The Best Fictional Vacation Spots

There are times when life gets hard, and you just need to get away for a time. While most people head off to Hawaii or their grandmother's house, I sometimes wish I could go to somewhere a bit different. So, without further ado....

*trumpets sound*

-Ashley's List of Best Fictional Vacation Spots-


Hogwarts: Though it's a bit drafty, it comes with an endless feast at your arrival, a free cloak, and a whole bunch of Hufflepuffs to play pranks on and scoff at to your heart's content. (Bonus: That dude who plays Edward Cullen is in there, so you can FINALLY drop-kick him down the stairs or give him a swirly. Whichever you prefer.) The room-service is also fantastic: little house-elves will bring you whatever you want and will clean your room, all while singing a happy little working song.

Jurassic Park
: Nothing like being in a tropical location, traipsing through a jungle full of exotic wildlife. And of course by "wildlife", I mean "extremely cranky and bloodthirsty dinosaurs". Sure, it's dangerous, but that's part of the charm. Pack plenty of sunscreen, a granola bar or two, and something to beat up those pesky raptors. BTW: How awesome was the pterodactyl scene in Jurassic Park 3? The answer: Extremely.

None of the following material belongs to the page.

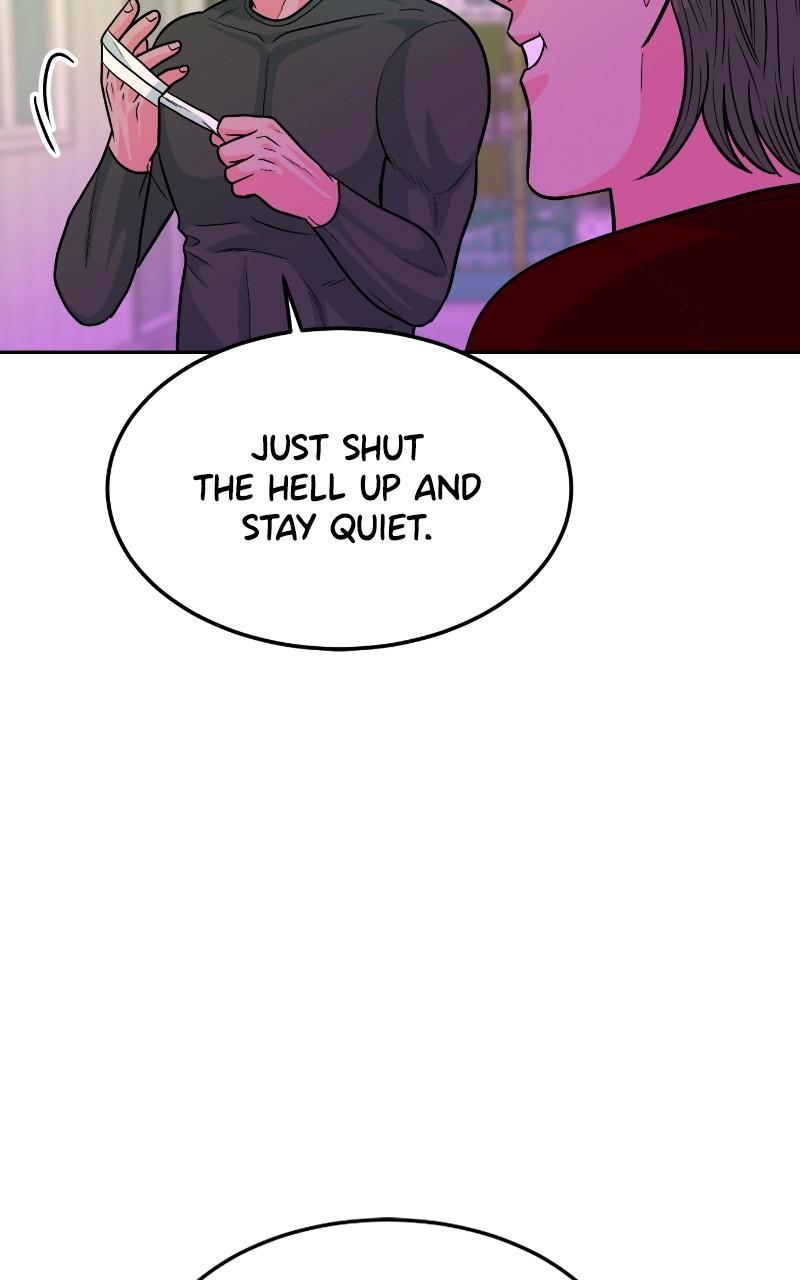 The Good Student Chapter 13 - Page 172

Narnia: I shouldn't even have to explain this one, so I'll spend little time on it. Narnia is the coolest place I've ever heard of. Frolicking around with big gentle lions and badgers? Bliss. Also, Peter and Prince Caspian are extremely attractive. The only tricky thing about it is you have to find the right closet to get in. Happy hunting!

100 Acre Wood: Where Christopher Robin plays. (Note: This is the forest from either the book or the original movie of Winnie the Pooh...not from the sequels or crappy W.t.P. tv shows.) It's full of happy, giggling, innocent little animals that you can easily subject to your will and then become their king. Plus, I hear the honey there is to die for.

Middle Earth: You'll want to spend most of your time at the Shire here. The elves in Rivendell are snobbish, and the orcs over in Mordor won't exactly leave little chocolates on your pillow. The home of the hobbits, however, is full of little (and I mean LITTLE) people with furry feet who enjoy dance parties and ale. Can't go wrong there.

Mushroom Kingdom: Don't even try to tell me you haven't wanted to go here once in your lifetime. First of all, there are gold coins everywhere that you just have to run around and grab. You can collect thousands of dollars with every step you take! This is a wonderful place to just run amok; stomping on turtles and saving princesses.